S'il est un réalisateur français qu'on ne saurait qualifier de tiède, c'est bien Mathieu Kassovitz. Dès son deuxième film, "La haine", il fut accusé de partialité : prenant fait et cause pour les jeunes des "quartiers", Kasso livrait là un film coup-de-poing, largement anti-police, mais redoutablement efficace d'un point de vue cinématographique. Depuis, sa carrière a connu les sommets du box-office (avec notamment "Les rivières pourpres"), avant de connaître une dégringolade dès lors qu'il traversa l'Atlantique (j'ai déjà parlé de "Babylon AD" dans ces colonnes). "L'ordre et la morale", son dernier long-métrage, revenait sur la tragique prise d'otages d'Ouvéa (en Nouvelle-Calédonie) qui vit sa conclusion dans un assaut sanglant en 1988. Face à l'échec public, à la polémique déclenchée par le film et au fait qu'il ne récolte qu'une nomination aux César, Mathieu Kassovitz réagit par des tweets virulents au sujet du cinéma français, qui n'est sans doute pas prêt de lui pardonner.

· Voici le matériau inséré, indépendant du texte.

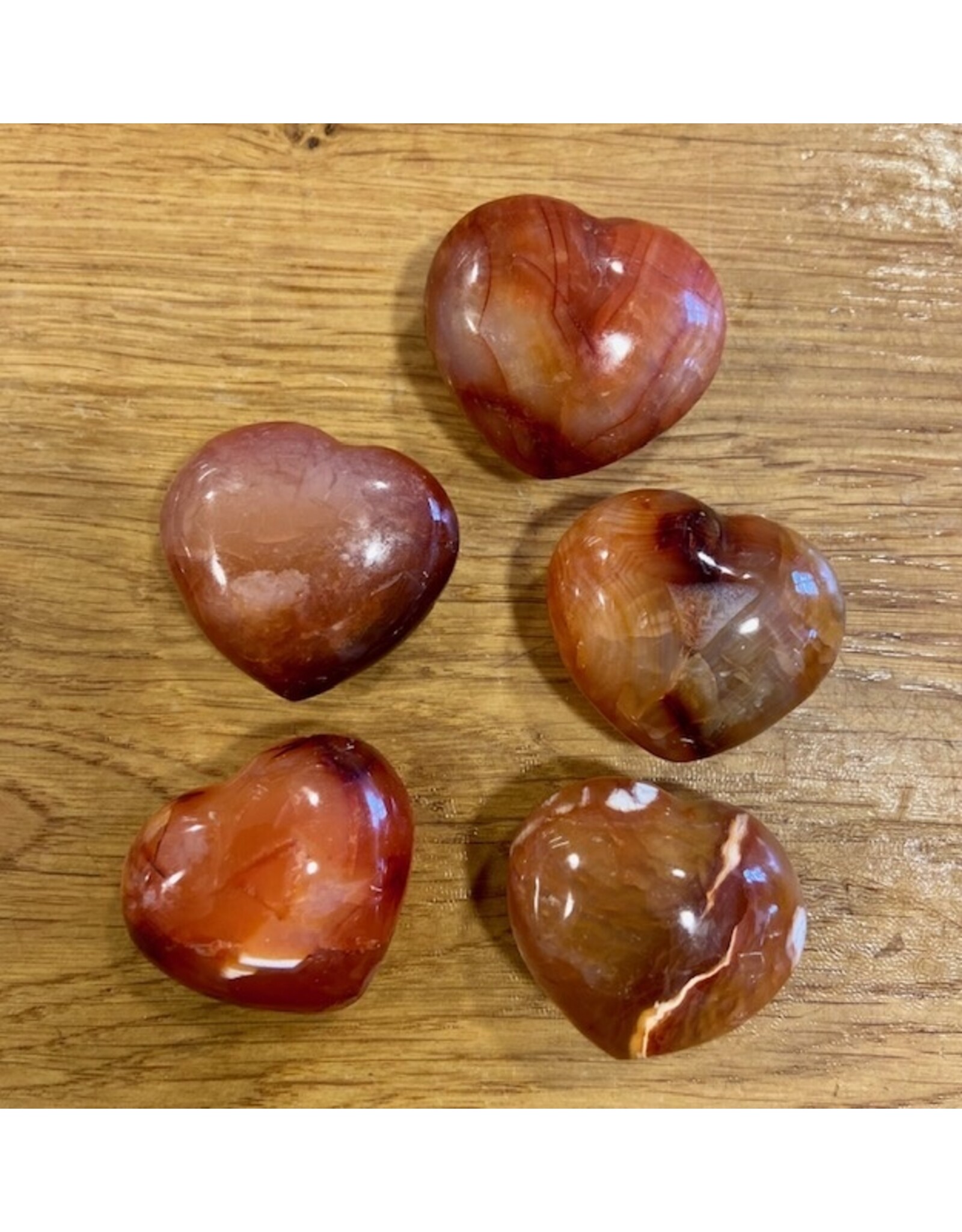 Carneool edelsteen hart 4 cm bol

Alors que l'élection présidentielle de 1988 se prépare, en Nouvelle-Calédonie, c'est l'insurrection. Un groupe d'indépendantistes kanaks vient de prendre en otage vingt-sept gendarmes français. Le GIGN, avec à sa tête le Capitaine Legorjus, arrive sur place et découvre que l'Armée a mis en oeuvre les grands moyens. Des négociations s'ouvrent alors, mais la tension est telle que tous craignent que le pire arrive. 

Malgré ce que l'on pu lire ça et là dans la presse, lors de la sortie du film, "L'ordre et la morale" n'a pas nécessairement la complaisance dont on l'a accusé. Personne n'y est complètement bon ou mauvais. En cherchant ça et là sur la Toile, il est difficile de se faire une réelle opinion sur la véracité des faits décrits là. Je me contenterai donc de parler du film, sans évoquer (n'en ayant pas la compétence) l'aspect historique qu'il prétend avoir. Ceux qui souhaitent polémiquer (qu'ils soient dans un camp ou dans l'autre) peuvent donc aller voir ailleurs, merci. 

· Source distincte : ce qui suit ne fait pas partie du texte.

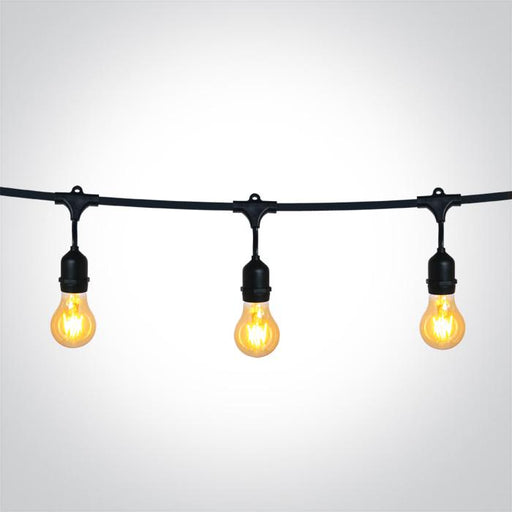 BLACK STRING LIGHTS IP44 8,5m 15x E27 60w.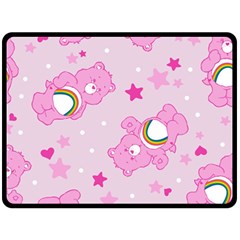 Cheer Bear Pink, Care, Care Bears, Cartoon Two Sides Fleece Blanket (large)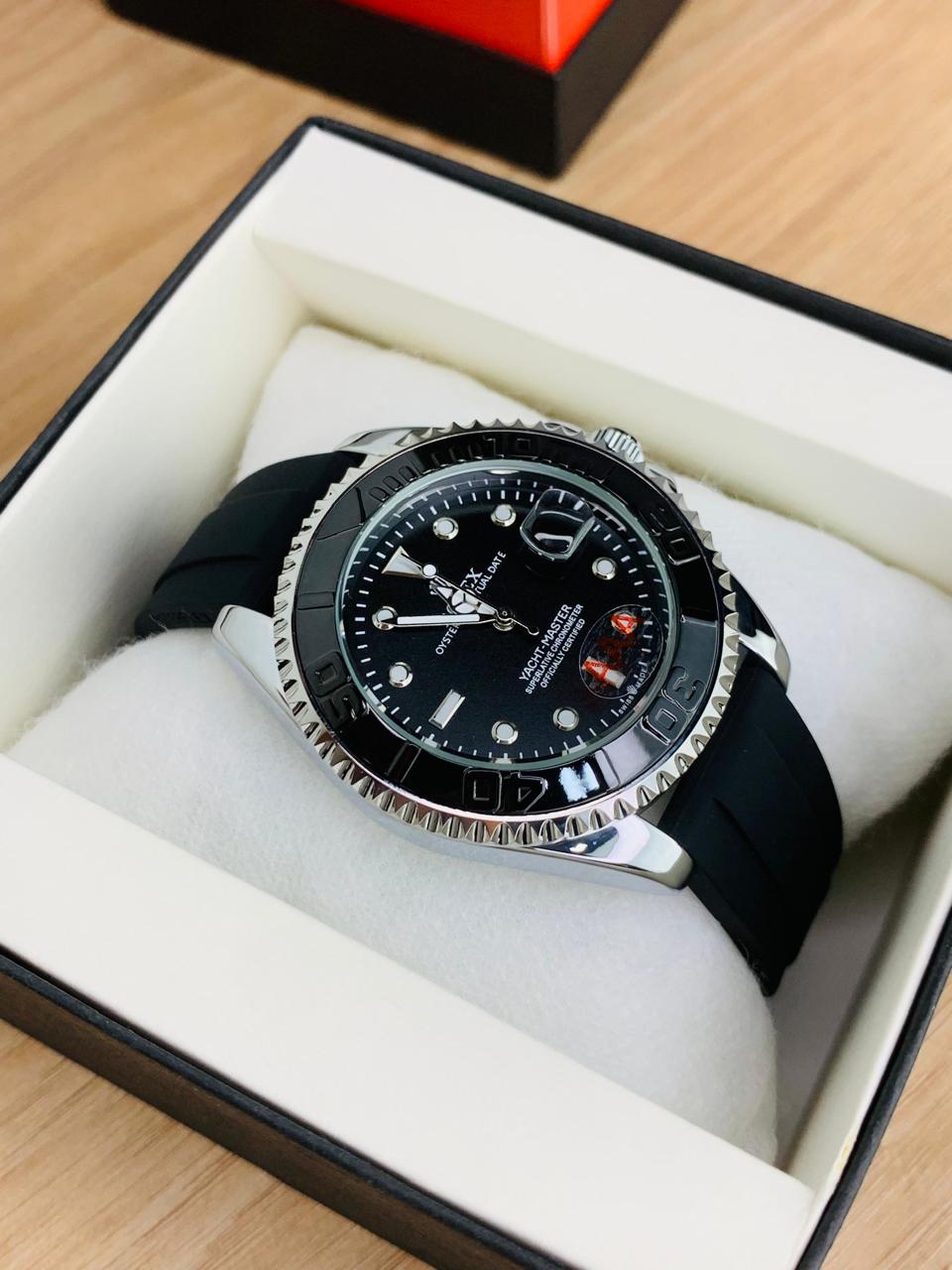 Rolex Yacht-Master Inspired Black Dial Luxury Sports Watch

Avec "L'ordre et la morale", Mathieu Kassovitz retrouve en partie le ton qui avait habité "La haine". Souvent filmé comme un reportage (le décompte des jours avant l'assaut final y est pour beaucoup), le film évolue dans la zone floue qui sépare documentaire et fiction pure. Il faut reconnaître que le réalisateur maîtrise parfaitement ce style et sait semer le trouble dans l'esprit du spectateur.

C'est cependant dans les scènes les plus cinématographiques que Mathieu Kassovitz fait montre de son talent. Certaines scènes (et pas forcément les plus tapageuses) démontrent, s'il en était besoin, la maestria technique dont l'enfant terrible du cinéma français est capable. A cela s'ajoute un montage redoutablement efficace et une bande originale du tonnerre (ré-entendre les Tambours du Bronx fait toujours son petit effet).

J'émettrais des réserves sur l'interprétation, parfois inégale, certains acteurs donnant l'impression, par moments, de lire leur texte (il s'agit peut-être d'un défaut généré lors de la post-production). Ce défaut (mineur) renforce l'impression d'assister à la projection d'un documentaire et de générer le malaise évoqué plus haut.

Certes, "L'ordre et la morale" est porteur d'un parti-pris et peut, pour certains, paraître ré-écrire l'histoire. Encore une fois, ce n'est pas l'objet de cette chronique que de juger s'il est fidèle ou non aux événements. En tant que film, il est cependant assez réussi et aurait mérité que l'on passe outre la maladresse de son propos et les réactions plus que virulentes de son réalisateur.